Absolutely Relative (was Re[2]: an idea)
Bob Schrum
Bob.Schrum at harpercollins.com
Fri Nov 15 17:45:49 CET 1996
> > > CList wrote:
> > > What happens when you turn a knob? Nothing? I guess that's OK, but I
> > > think it should be fancier - like a Juno.
> >
> > Not sure how a Juno worked, but I always liked the PolySix method,
> > where each knob acts as a fine adjustment to the programmed setting
> > until the knob is turned to the upper or lower end, at which time the
> > knob would become a coarse adjustment thru the whole range. It was
> > nice to get a patch "pretty close," save it, line up all the knobs at
> > 12-O'clock, recall the program, then use the knobs to fine tweak the
> > program until it was just right.
> >
> That's an excellent idea. Would it be as simple as just scaling the knob's
> value until an end stop is reached, then using the normal value?
Sure. Each pot parameter would consist of three objects in workspace memory.
One is the current parameter value, another would be the last known position
of the pot. The third would be a flag that is set upon recalling a program,
that indicates that parameter's pot should be treated as a fine adjust.
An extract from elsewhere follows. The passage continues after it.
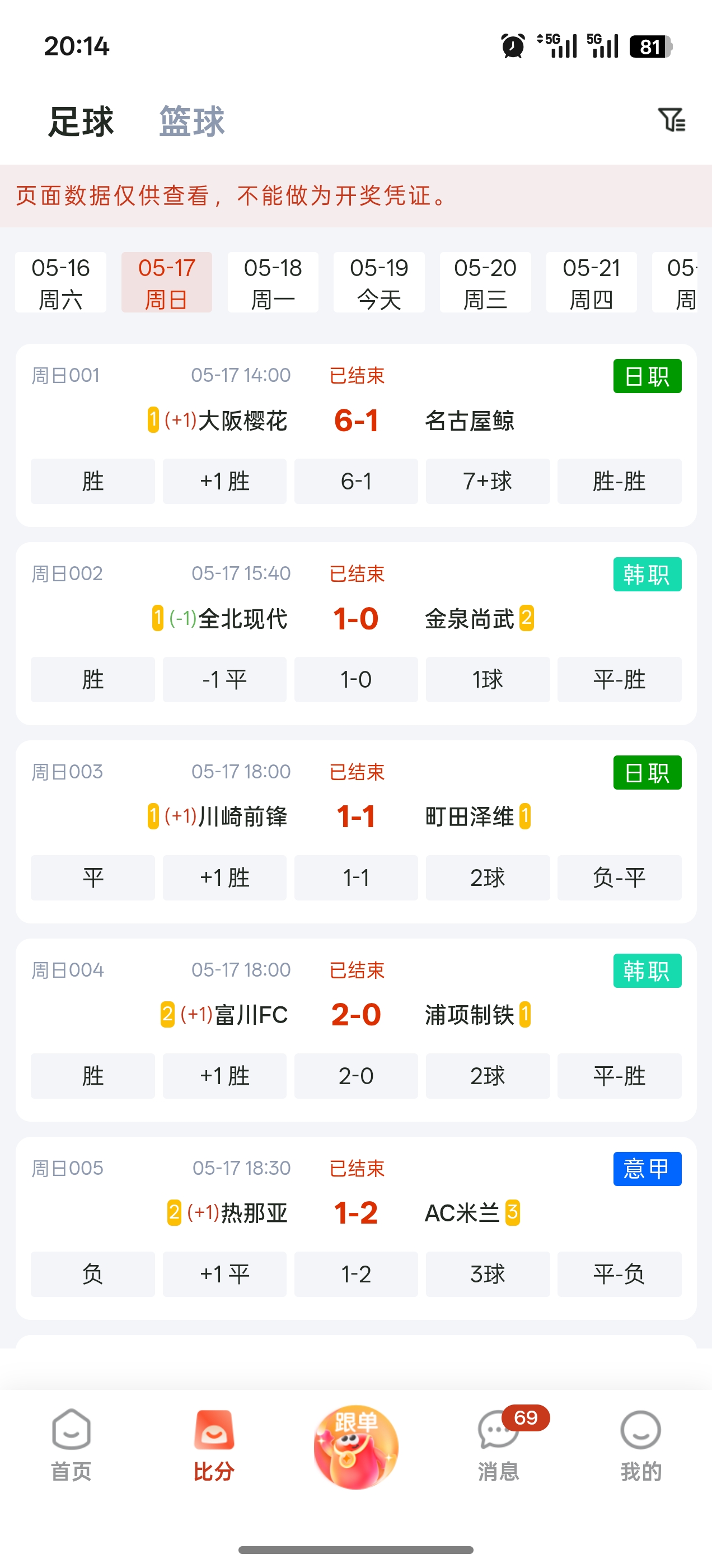 乐达助手截图5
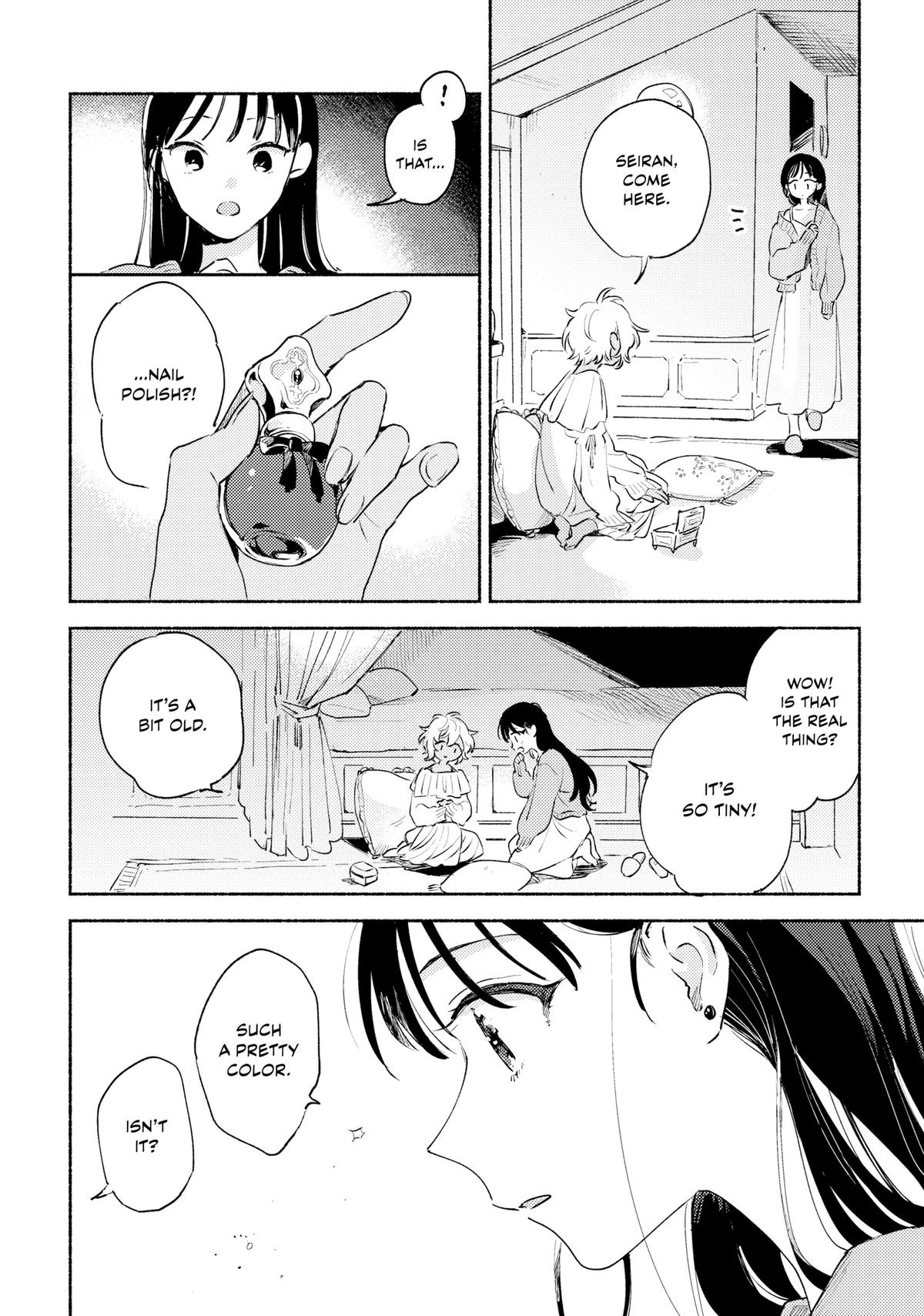 I Want to Love You Till Your Dying Day Chapter 14.5 - Page 18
Each time the uP scans the value of the pot, it would be compared against
the last known position. If different and the fine-adjust flag is on,
take the difference divided by 2 or 4 (simple bit shift,) offset the
parameter value by that amount and store the new pot position as the
new last-known position. If the pot value reaches (or comes very close
to) full left or right rotation, reset the flag and treat pot changes
as absolute.
The tricky part is what should happen if a program is recalled and a pot
is already sitting at full-left or full-right? My instincts would be
that two more flag values would be needed that would record either fact
at the time the program is recalled. This way, if the pot was full-left
when the program was recalled, only full-right rotation would put the
control into absolute mode.
A valuable feature would be to be able to put the entire synth into
absolute mode--all parameters would jump to the current position of
the controls. A reverse function could be useful to put all the pots
into relative mode--basically the same as saving and recalling the
program, but could be easily done if the same routine was called
by the program-recall function.
This whole scheme may also be necessary to eliminate jitter, by
using a higher-resolution ADC than is needed for the actual range of
parameters. Upon each scan of the pots, any difference between
the current and previous scan values would result in no parameter
change if they fell below a certain tolerance.